Warren made $10 billion out of this action, but more importantly, he gave people like me and investors on Wall Street confidence that it was wise to believe in the US economy, its major financial institutions and the future. And, just like a virus, that positive message was carried by people like me and other market media commentators like Alan Kohler, which all helped to turnaround negative sentiment.

It underlined for me the power of real legends like Buffett, and on a personal investing level, his advice at the time to be “…greedy when others are fearful” has been something I used to great effect when the stock market crashed in March 2020 following the declaration of a pandemic.

Without his influence on me over the years, I could have waited many months before buying beaten up companies, but instead I went in hard and it has been good news for my super fund.

Given this most recent example of how legends have helped or inspired me, I thought I’d share with you in a nutshell, some of the best pieces of advice or observations that have assisted me in business and wealth-building:

1. Jim Rohn: “Don't wish it was easier, wish you were better. Don't wish for less problems, wish for more skills. Don't wish for less challenges, wish for more wisdom”

2. Jack Welch: “Good business leaders create a vision, articulate the vision, passionately own the vision, and relentlessly drive it to completion.”

3. Tony Robbins: “Change your story, change your life. Divorce the story of limitation, and marry the story of the truth and everything changes.”

4. John Maxwell: “You can’t send ducks to eagle school”

5. John Symond: “People will forget what you say to them but they won’t forget the way you made them feel.”

6. Edward de Bono: “The high achievers of the world think outside the square.”

7. Richard Branson: “If you want to stand out from the crowd, give people a reason not to forget you.”

8. Jim Collins: “"One of the things we’ve learned in all our research is that it all begins with people…[and] great vision without great people is irrelevant."

9. Jack Canfield: “Most everything that you want is just outside your comfort zone.”

10. Tom O’Toole: “Don’t listen to dream-takers!”

11. Simon Sinek: “People don’t buy what you do; they buy why you do it.

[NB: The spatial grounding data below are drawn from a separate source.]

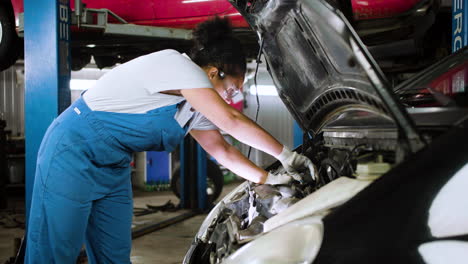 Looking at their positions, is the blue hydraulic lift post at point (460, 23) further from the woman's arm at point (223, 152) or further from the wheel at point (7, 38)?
the wheel at point (7, 38)

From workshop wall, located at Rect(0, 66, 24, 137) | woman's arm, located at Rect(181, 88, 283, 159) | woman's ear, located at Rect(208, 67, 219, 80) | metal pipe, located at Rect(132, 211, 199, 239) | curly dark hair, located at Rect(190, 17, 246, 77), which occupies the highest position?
curly dark hair, located at Rect(190, 17, 246, 77)

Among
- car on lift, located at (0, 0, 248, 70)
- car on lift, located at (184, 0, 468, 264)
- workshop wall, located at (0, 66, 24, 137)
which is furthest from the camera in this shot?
workshop wall, located at (0, 66, 24, 137)

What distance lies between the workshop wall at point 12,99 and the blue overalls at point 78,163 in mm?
7213

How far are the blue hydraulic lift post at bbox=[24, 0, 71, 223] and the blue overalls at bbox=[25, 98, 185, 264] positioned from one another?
1.18 metres

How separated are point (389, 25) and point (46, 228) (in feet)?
10.3

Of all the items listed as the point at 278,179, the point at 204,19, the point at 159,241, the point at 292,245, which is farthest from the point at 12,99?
the point at 292,245

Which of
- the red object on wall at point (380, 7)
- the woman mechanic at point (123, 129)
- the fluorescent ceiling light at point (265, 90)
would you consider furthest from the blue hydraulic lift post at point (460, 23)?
the fluorescent ceiling light at point (265, 90)

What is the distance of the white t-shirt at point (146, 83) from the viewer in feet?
5.78

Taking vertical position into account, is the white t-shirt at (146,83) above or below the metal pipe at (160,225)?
above

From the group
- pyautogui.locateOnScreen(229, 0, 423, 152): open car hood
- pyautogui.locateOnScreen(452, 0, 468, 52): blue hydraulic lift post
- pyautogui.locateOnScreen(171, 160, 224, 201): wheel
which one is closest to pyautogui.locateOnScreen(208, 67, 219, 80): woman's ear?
pyautogui.locateOnScreen(229, 0, 423, 152): open car hood

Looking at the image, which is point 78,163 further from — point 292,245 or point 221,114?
point 292,245

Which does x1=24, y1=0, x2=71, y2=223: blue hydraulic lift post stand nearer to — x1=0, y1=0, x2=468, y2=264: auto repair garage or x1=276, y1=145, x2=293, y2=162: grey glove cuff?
x1=0, y1=0, x2=468, y2=264: auto repair garage

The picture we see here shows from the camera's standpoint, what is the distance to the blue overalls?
182 centimetres

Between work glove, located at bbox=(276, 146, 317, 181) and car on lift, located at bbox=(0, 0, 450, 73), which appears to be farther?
car on lift, located at bbox=(0, 0, 450, 73) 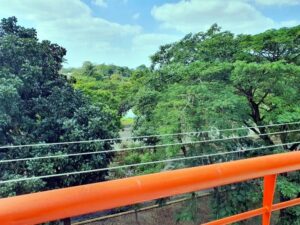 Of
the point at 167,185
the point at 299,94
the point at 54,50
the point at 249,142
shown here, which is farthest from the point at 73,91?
the point at 167,185

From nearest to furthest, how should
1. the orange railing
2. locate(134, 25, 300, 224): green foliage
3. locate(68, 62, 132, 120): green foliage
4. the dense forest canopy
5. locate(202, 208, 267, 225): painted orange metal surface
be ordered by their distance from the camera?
the orange railing, locate(202, 208, 267, 225): painted orange metal surface, the dense forest canopy, locate(134, 25, 300, 224): green foliage, locate(68, 62, 132, 120): green foliage

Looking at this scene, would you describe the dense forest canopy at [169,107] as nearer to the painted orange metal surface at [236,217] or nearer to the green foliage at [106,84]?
the green foliage at [106,84]

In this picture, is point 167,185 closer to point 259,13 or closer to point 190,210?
point 190,210

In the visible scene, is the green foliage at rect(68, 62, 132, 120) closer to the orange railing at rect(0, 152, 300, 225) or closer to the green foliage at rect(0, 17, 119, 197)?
the green foliage at rect(0, 17, 119, 197)

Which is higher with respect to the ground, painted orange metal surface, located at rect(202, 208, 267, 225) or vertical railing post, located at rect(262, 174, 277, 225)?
vertical railing post, located at rect(262, 174, 277, 225)

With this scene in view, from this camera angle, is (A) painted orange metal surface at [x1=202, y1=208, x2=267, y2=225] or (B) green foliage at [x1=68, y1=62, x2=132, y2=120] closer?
(A) painted orange metal surface at [x1=202, y1=208, x2=267, y2=225]

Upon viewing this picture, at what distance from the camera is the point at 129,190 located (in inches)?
21.0

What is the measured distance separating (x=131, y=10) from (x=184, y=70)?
3.48m

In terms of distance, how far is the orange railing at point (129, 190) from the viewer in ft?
1.50

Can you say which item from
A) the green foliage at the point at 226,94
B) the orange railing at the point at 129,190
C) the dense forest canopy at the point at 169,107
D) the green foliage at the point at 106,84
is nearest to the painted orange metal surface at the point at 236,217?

And what you do simply proves what you believe.” 

12. John Templeton: “Bull markets are born on pessimism, grown on scepticism, mature on optimism, and die on euphoria.”

13. Warren Buffett: “Be fearful when others are greedy. Be greedy when others are fearful.”

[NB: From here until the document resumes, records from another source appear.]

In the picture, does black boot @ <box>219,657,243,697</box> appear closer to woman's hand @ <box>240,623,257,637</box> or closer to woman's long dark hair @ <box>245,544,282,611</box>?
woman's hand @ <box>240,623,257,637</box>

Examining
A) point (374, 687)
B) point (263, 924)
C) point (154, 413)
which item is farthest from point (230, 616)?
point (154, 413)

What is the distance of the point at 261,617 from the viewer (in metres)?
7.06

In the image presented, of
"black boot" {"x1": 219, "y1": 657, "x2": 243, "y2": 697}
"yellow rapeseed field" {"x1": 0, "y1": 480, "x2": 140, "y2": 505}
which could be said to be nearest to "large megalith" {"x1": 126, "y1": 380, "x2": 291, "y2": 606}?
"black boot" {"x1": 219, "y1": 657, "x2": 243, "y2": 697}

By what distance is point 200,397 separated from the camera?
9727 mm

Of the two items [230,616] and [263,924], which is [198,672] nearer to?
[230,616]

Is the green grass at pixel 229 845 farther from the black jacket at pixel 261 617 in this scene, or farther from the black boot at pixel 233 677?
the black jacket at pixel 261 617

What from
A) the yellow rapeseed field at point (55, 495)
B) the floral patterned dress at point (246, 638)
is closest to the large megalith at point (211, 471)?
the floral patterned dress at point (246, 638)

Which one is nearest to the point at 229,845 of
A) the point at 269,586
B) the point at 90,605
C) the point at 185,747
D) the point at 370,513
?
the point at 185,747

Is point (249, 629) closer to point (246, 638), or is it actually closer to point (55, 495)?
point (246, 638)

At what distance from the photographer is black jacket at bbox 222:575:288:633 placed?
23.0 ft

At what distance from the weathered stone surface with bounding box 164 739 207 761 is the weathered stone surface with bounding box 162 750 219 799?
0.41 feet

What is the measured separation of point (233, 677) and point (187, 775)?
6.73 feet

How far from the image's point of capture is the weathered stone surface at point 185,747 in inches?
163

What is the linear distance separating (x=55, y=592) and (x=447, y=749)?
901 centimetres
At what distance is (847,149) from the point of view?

14. Michael Gerber: “If your business requires your presence, you don’t have a business, you have a job.”

15. Here’s another from Gerber, who I MC’d around the country some years ago: “Most entrepreneurs fail because they are working in their business rather than on their business.”

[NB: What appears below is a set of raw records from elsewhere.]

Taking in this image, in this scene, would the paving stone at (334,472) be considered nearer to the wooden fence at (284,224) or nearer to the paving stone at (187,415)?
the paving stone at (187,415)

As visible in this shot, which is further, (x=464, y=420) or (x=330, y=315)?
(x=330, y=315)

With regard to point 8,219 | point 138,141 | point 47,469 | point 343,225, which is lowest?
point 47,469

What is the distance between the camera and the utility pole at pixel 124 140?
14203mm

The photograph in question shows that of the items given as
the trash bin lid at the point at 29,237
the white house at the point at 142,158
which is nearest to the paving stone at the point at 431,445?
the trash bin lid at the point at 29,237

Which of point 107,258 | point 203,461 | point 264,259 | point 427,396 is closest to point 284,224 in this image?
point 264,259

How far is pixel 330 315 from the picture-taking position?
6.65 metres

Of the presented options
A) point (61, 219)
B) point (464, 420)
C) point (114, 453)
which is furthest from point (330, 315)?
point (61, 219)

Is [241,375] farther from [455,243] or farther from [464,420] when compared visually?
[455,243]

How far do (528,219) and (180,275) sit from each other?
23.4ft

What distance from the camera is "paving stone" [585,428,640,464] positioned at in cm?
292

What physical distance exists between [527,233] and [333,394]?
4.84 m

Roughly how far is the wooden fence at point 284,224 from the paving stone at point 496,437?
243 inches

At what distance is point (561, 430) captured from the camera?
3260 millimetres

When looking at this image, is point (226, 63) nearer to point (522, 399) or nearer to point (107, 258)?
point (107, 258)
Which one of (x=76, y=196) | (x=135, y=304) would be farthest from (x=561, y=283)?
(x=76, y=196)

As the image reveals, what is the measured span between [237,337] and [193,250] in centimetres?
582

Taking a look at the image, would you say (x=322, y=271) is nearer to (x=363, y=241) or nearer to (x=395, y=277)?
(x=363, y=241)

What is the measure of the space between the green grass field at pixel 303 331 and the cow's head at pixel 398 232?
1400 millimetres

Most of these people above I’ve interviewed or MC’d. A couple have influenced me via their great works. In the case of Templeton and Buffett, the mere fact is that other high achievers can’t help but quote them.

These one-liners don’t give you the full story of how successful people become extraordinary, but when you commit them to memory and think about them on a regular basis, they tend to give you that ‘north star’ that leads you to the prize.

I know when I interviewed that great Australian surfer, Layne Beachley, she said she wrote her goal to be world champion on her mirror in lipstick so she could see it every day. Wallaby Ben Darwin said he bought a Wallabies jumper when was in grade seven and put a date on it when he would wear the gold jumper. And he did exactly that!

It was the Baker of Beechworth, Tom O’Toole, who first said to an audience before I followed him, that “you have to write down your goals or else they’re not on the planet — they’re just dreams.”

And as Tom also told me — there are a lot of dream-takers out there”, which is why I’ve chosen to hang around legends — in person or via videos or with books.

As my Dad always said: You’re judged by the company you keep. And if you want to see where you’ll be in 10 years’ time, take a look at the people who are surrounding you right now.